*WHAT YOU SHOULD DO*:
Repeat exactly the lines from the one containing "A bunk bed with" through the last line of the records below, both included, and nothing else.

SOURCE MATERIAL section start

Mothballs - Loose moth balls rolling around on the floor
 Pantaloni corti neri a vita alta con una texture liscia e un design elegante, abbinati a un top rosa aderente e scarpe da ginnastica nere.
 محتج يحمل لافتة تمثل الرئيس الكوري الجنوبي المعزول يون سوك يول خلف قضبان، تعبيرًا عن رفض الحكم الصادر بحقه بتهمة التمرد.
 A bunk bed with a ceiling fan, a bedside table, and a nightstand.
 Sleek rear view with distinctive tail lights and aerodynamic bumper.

SOURCE MATERIAL section end

*OUTPUT OF THE EXERCISE*:
 A bunk bed with a ceiling fan, a bedside table, and a nightstand.
 Sleek rear view with distinctive tail lights and aerodynamic bumper.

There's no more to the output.